"I was hooked from the word go . . . . this pioneering book develops a strong case for the engagement of poetry and law in Ireland. It opens up in a genuinely original and intellectually nuanced way the resonant overlap between legal, constitutional and ethical concerns in Irish poetry since Yeats."—Hugh Haughton, Emeritus Professor of English and Related Literatures at the University of York
"Poetry, Politics, and Law in Modern Ireland is a major achievement. Combining the rigours of quite brilliant close readings with an attention to the various legal and extra-legal contexts that help shape the work of Ireland's modern poets, Hanna reveals the jurisprudential unconscious of the literary and the cultural after-life of the law."—Eugene McNulty, Dublin City University
"This is a book about poetic justice itself, about how the acknowledged legislations of poetry act as conscience and arbitrator for the failings of laws—and their inevitable repeal. Hanna's scholarship has an ambition of breadth and reach that means it should be read by lawyers, historians and political scientists—but above all it should be read by poets and their readers, as an argument for the seriousness of Irish poetic engagement with the laws of the country, South and North."—Matthew Campbell, University of York
Poetry, Politics, and the Law in Modern Ireland is a richly detailed exploration of how modern Irish poetry has been shaped by, and responded to, the laws, judgments, and constitutions of both of the island’s jurisdictions. Focusing on poets’ responses in their writing to such contentious legal issues as partition, censorship, paramilitarism, and the curtailment of women’s reproductive and other rights, this monograph is the first in the growing field of law and literature to focus exclusively on modern Ireland. Hanna unpacks the legal engagements of both major and non-canonical poets from every decade between the 1920s and the present day, including Rhoda Coghill, Austin Clarke, Paul Durcan, Elaine Feeney, Miriam Gamble, Seamus Heaney, Thomas Kinsella, Paula Meehan, Julie Morrissy, Doireann Ní Ghríofa, and W. B. Yeats.

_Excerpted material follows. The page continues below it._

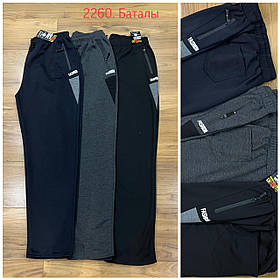 Чоловічі спортивні штани прямі №2260 р.3XL-7XL (52-60)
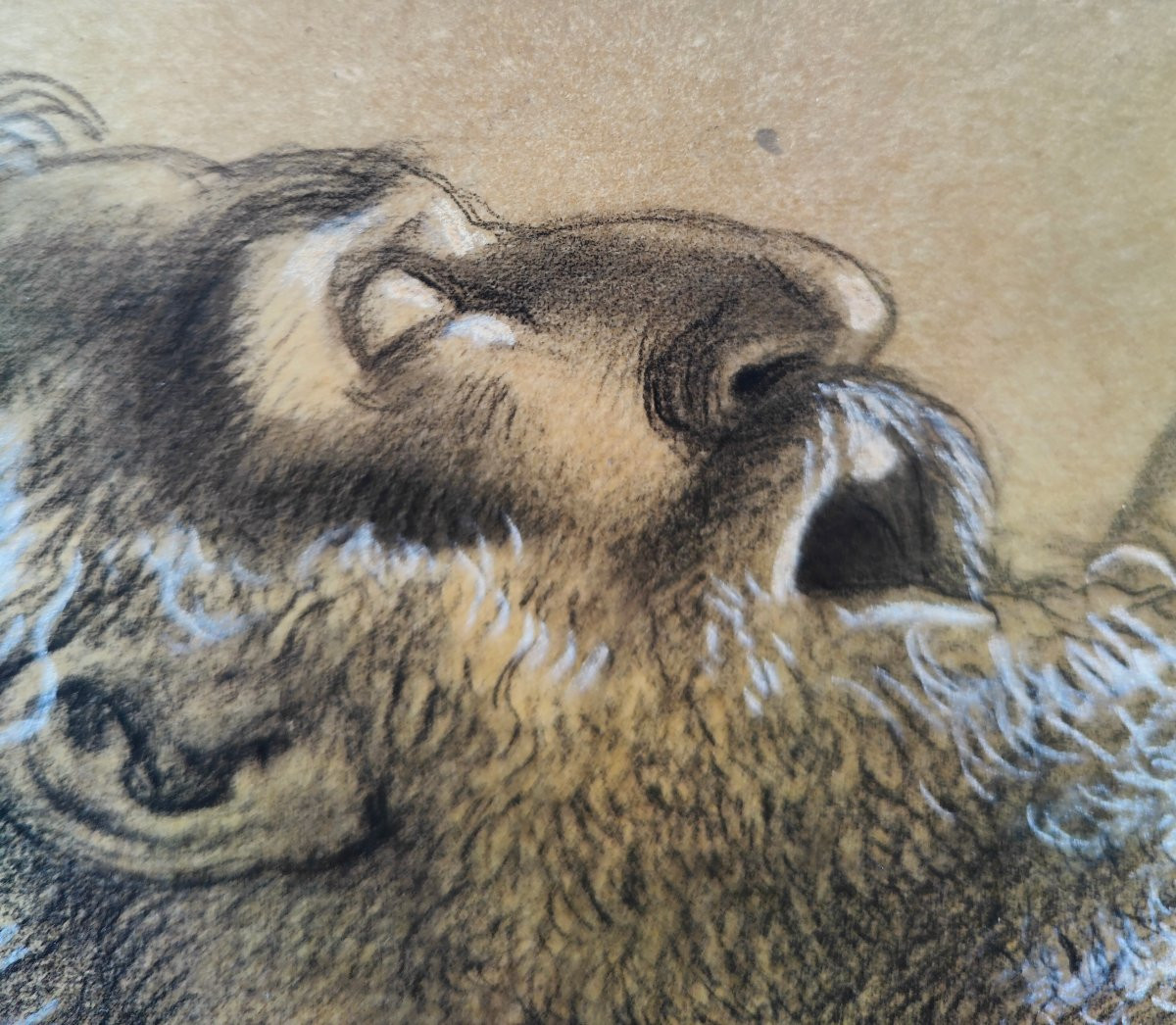 ATTR. HEIM 1820 - TETE D'HOMME -photo-5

Poetry from the time of independence onwardhas been shaped by two opposing forces. On the one hand, the Irish public has traditionally had strong expectations that poets offer a dissenting counter-discourse to official sources of law. On the other hand, poets have more recently expressed skepticism about the ethics of speaking for others and about the adequacy of art in performing a public role. Hanna’s fascinating study illuminates the poetry that arises from these antithetical modern conditions.
Adam Hanna is a lecturer in the English Department at University College Cork.He is the author of Northern Irish Poetry and Domestic Space and the coeditor of Architectural Space and the Imagination: Houses in Art and Literature from Classical to Contemporary and Law and Literature: The Irish Case.